The 2015 facelift brought new technology, including cylinder on demand (COD) for the 1.4 TFSI and slightly more power for the 2.0-litre petrol and diesel units. All engines were cleaned up to meet Euro 6 emissions regs. As for styling, the nose and tail were given a makeover while SE trim got xenon headlights and S line sweeping indicators.

However, viewed in isolation, you’d be hard pressed to tell pre- and post-facelift cars apart. Of the four trims – depending on the year, they range from SE to Black Edition – SE offers the best value and goes without the larger, ride-spoiling alloy wheels and sports suspension.

BUYER BEWARE

Engine On diesel models, check the level of the engine oil. Too high may indicate regeneration issues with the diesel particulate filter. Whatever the level, take the car for an extended, medium-speed drive to see if you can trigger limp-home mode, if it happens suggesting DPF issues caused by insufficent higher speed journeys. Owner surveys report that petrol engines are more reliable than diesels. That said, a batch of 2017-reg 2.0 TFSI engines had camshaft problems. 

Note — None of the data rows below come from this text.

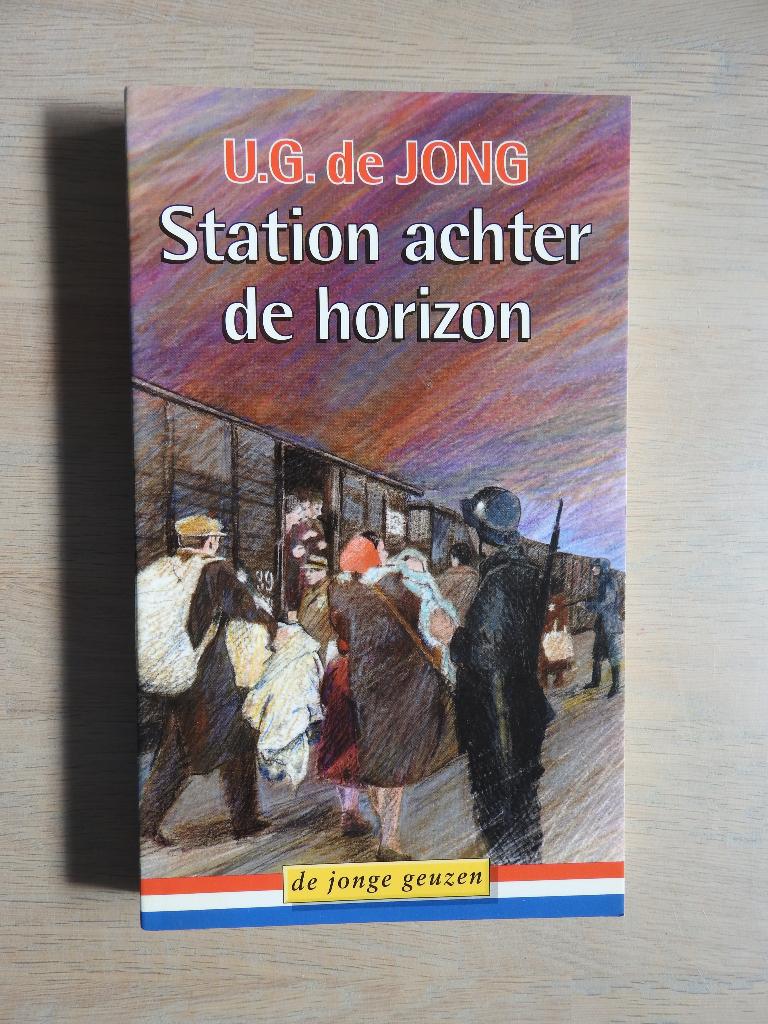 U.G. de Jong - Station achter de horizon - De Jonge Geuzen, Ophalen of Verzenden, Zo goed als nieuw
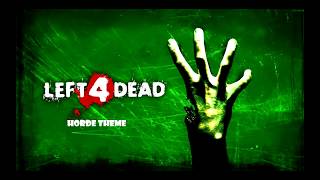 Left 4 Dead's horde theme without horde danger [OUTDATED]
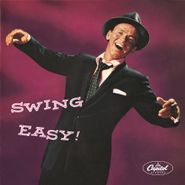 Frank Sinatra, Swing Easy! [Remastered] (10")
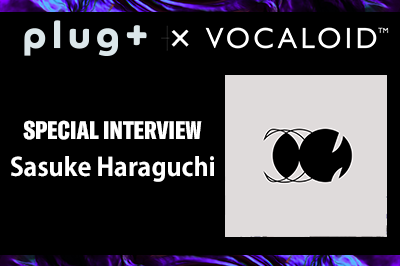 【Plug+】Sasuke Haraguchi 【Special Interview】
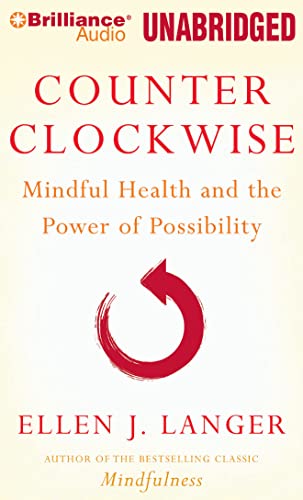 Counterclockwise: Mindful Health and the Power of Possibility (9781423397687) by Langer, Ellen J.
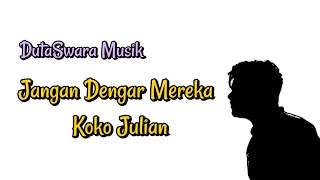 JANGAN DENGAR MEREKA BY KOKO JULIAN MANJEMEN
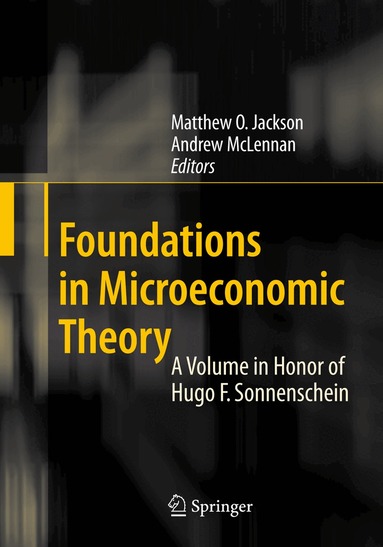 Matthew O. Jackson, Andrew McLennan - Foundations in Microeconomic Theory, Inbunden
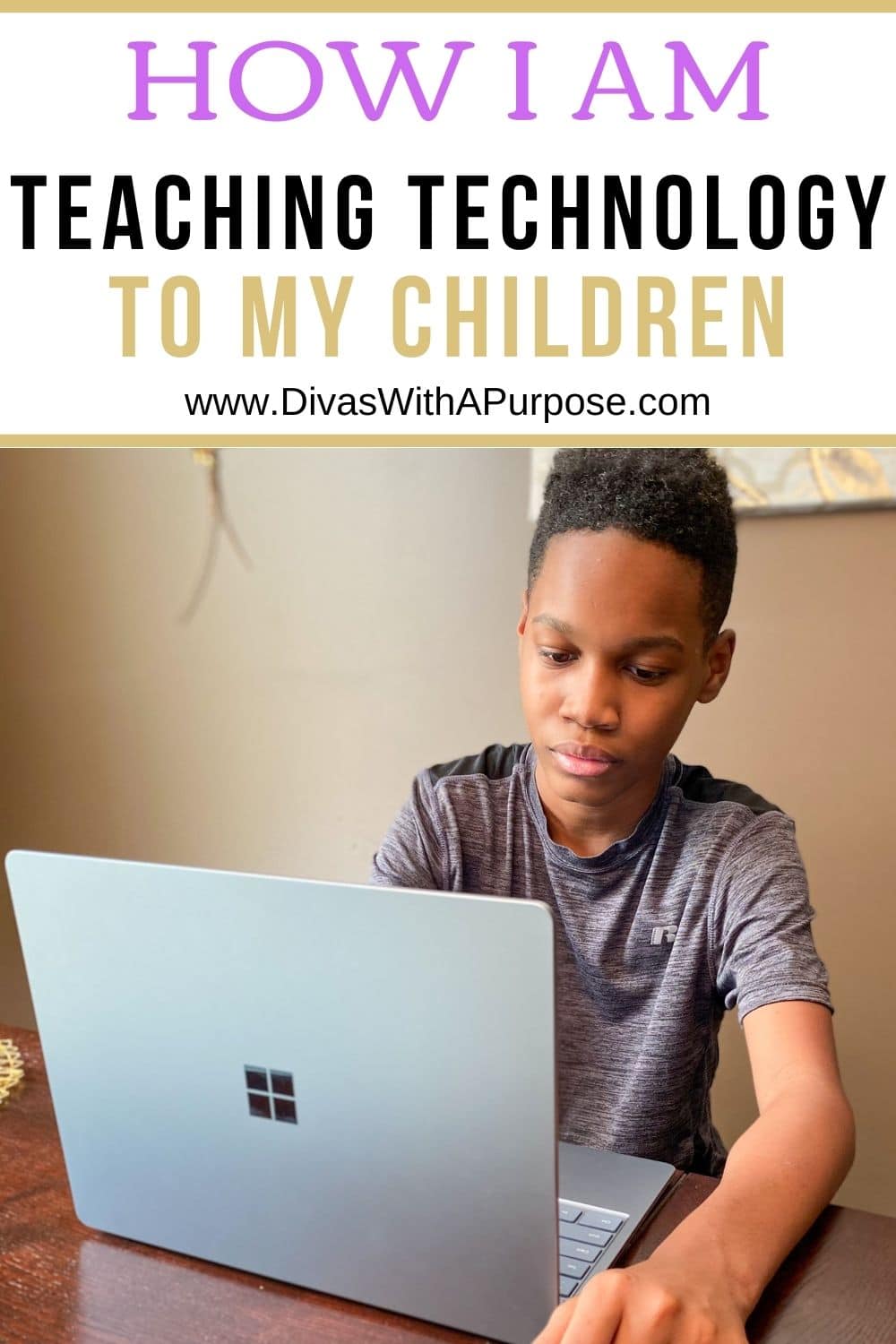 How I Am Teaching Technology to My Children (AD)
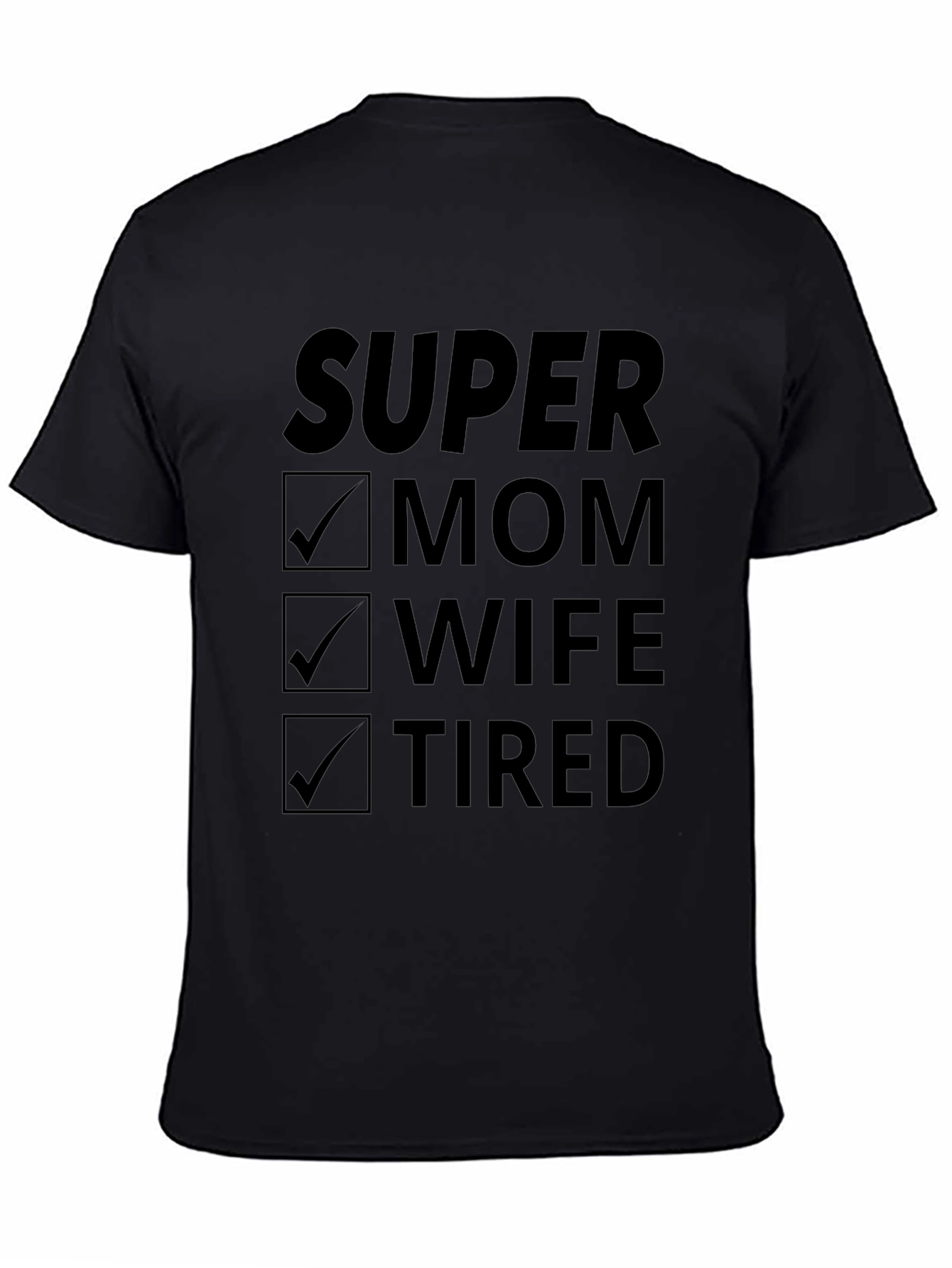 Super Mom Wife Tired Graphic T-Shirt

Wheels Audi recommends that on four-wheel drive versions, the tyres, ideally premium, are the same make.

Body Make sure the xenon headlights don't flicker. Also, where high beam assist and lane assist are fitted, that the headlights don't dazzle oncoming drivers. Check rear wheelarch mouldings are secure. 

Interior Check the windscreen demister works.

Need to know

Q3 petrol models rank third in the 2019 What Car? Reliability Survey’s family SUV class, behind the Volvo XC40 and Kia Sportage. Diesel Q3s trail in 15th spot.

Some early Euro 5 2.0 TDI engines were caught up in the VW emissions scandal, or the ‘EA189 NOx emissions issue’ as the VW Group calls it. Check the status of the vehicle you’re interested in at audi.co.uk.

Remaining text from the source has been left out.